Dr An was Asian. So immediately dad assumed that his language would for some reason be totally indecipherable. And don’t get me started on Dr Rawangsavara-Seti from Cape Town. At least he didn’t mention that she was black in a loud voice, as though she’d no idea of the fact.

 One of our carers told me of an elderly women he cared for who when they visited department stores, would ask the shop assistant for a mirror and when it was supplied would say, “Now, I want to see a white Australian girl in it. Not some Asian.”

 It’s embarrassing, it’s outrageous and it’s sadly so Australian, particularly I know, with the older generation. They may have realised they need to keep racist rants to themselves but like Maggie Smith in The Best Exotic Marigold Hotel, they mutter horrific opinions just under their breath- but of course due to their deafness, it’s loud enough for all to hear.

 I have always admired Ridley Scott’s Blade Runner where although bleak, the world was a multicultural paradigm where speech has been fused with a mixture of words from many languages. The world is becoming an amalgam of humans communicating in new ways and without a dominant language.

 Language is a social process and heavily influences and shapes culture. To a great degree it determines one’s very thoughts. Language denotes identity. It is power. Many indigenous societies around the world rue the fact that conquering nations forced them to adopt the conquering language and that, more than anything is blamed for destroying their culture and identity.

 Another part of our identity is how we look. I remember an Italian woman I once worked with called Rosemarie. She was beautiful. She was the only woman I knew who’d actually  had an “Impulse Ad” happen to her; a man grabbed a bunch of flowers off a stall in Martin Place and raced after her to present it while gushing about her beauty. She had the face of an angel, the smile of a saint and the manner of a gentle doe- everyone loved her.

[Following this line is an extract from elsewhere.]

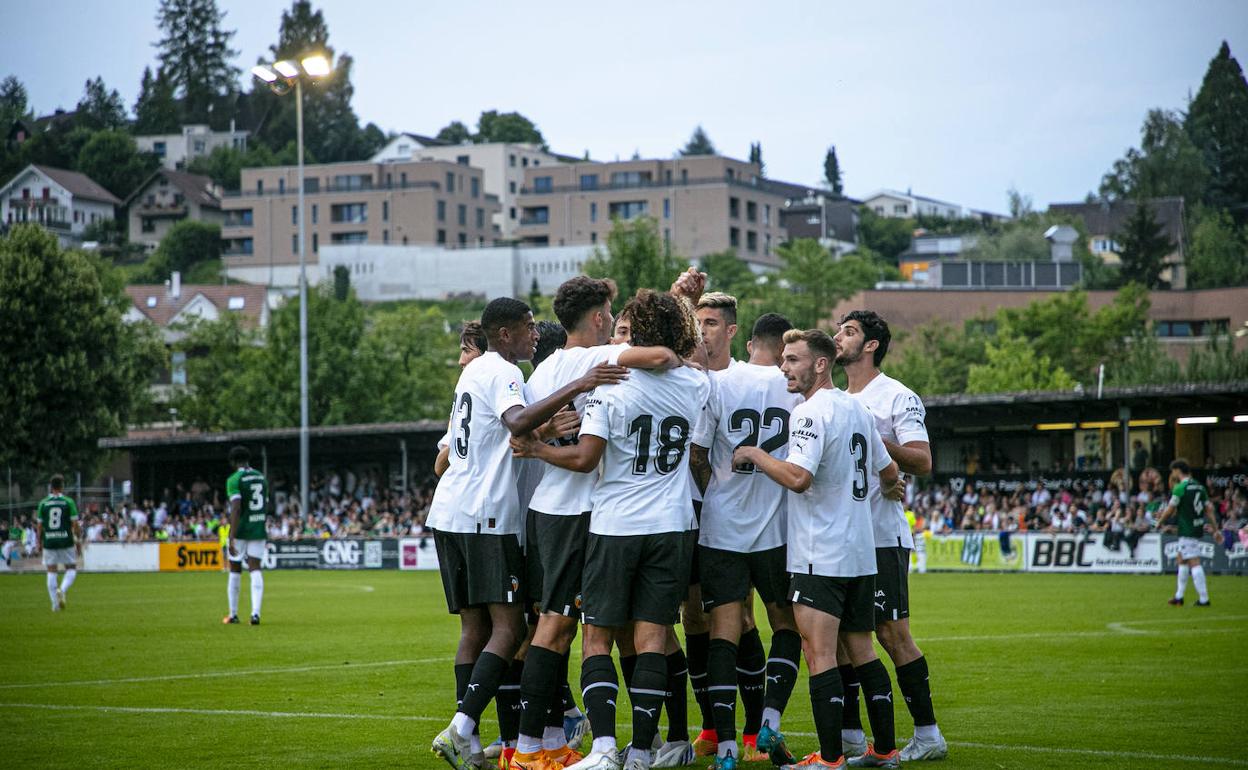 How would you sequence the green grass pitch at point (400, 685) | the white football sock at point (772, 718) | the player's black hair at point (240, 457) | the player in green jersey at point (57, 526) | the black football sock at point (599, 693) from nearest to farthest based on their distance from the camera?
the black football sock at point (599, 693) → the white football sock at point (772, 718) → the green grass pitch at point (400, 685) → the player's black hair at point (240, 457) → the player in green jersey at point (57, 526)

But anyway, the point of the story is that when she was on a visit to Italy, she was standing on the steps of Il Duomo in Florence when an old man she didn’t know, approached her.

“I can tell you from which village your mother came, and from which village your father came,” he said. “Just from looking at you.”

 And he was right. Her heritage was there, written all over her face and in her physique. Our ancestry is something that is hardwired into our genes and comes out in the most obvious and sometimes the most obscure ways. We often look like where we came from or certainly look like our family of origin. Often we have an atavistic, timeless face, like that of a child I saw on a plane from Johannesburg. It was the face of an Incan carving from thousands of years ago, but there it was in the features of a five year old going to London.

 In this global economy, where war is rife, borders are crumbling and shifting, the population is on the move more than ever before and for myriad reasons. We can no longer look at someone or even talk to someone and determine from where they originally came. Perhaps the only thing in the future we can do to determine upbringing is we can listen for accents as that is at least regional.

 Language may change and it does – for all the griping  about how bastardised the American English is, one thing is certain; it’s actually more faithful to Old English than modern British English. Language morphs and adopts new words and phraseology. It evolves with each new generation and now, with each new cultural input. That process will probably only accelerate.

 While some of it is tragic and the Aryan ideal of “pure blood and pure culture” is dead, it is in most ways a good thing. Nazism is abhorrent. The attempt by Indigenous cultures to maintain their cultural heritage however, is understandable and desirable. But I think in the long run it will inevitably fail.

  I believe that the human race is bound for a new beginning; a radical revolution that will one day find us as ‘post racial’ as Eva Wiseman wrote about this morning in the Guardian. Our facial features will be a fascinating mixture of races and heritage, our language a blend and our value systems an evolving paradigm seeking to adapt to the post racials; the new humanity.

 Che che for listening. Ciao for now.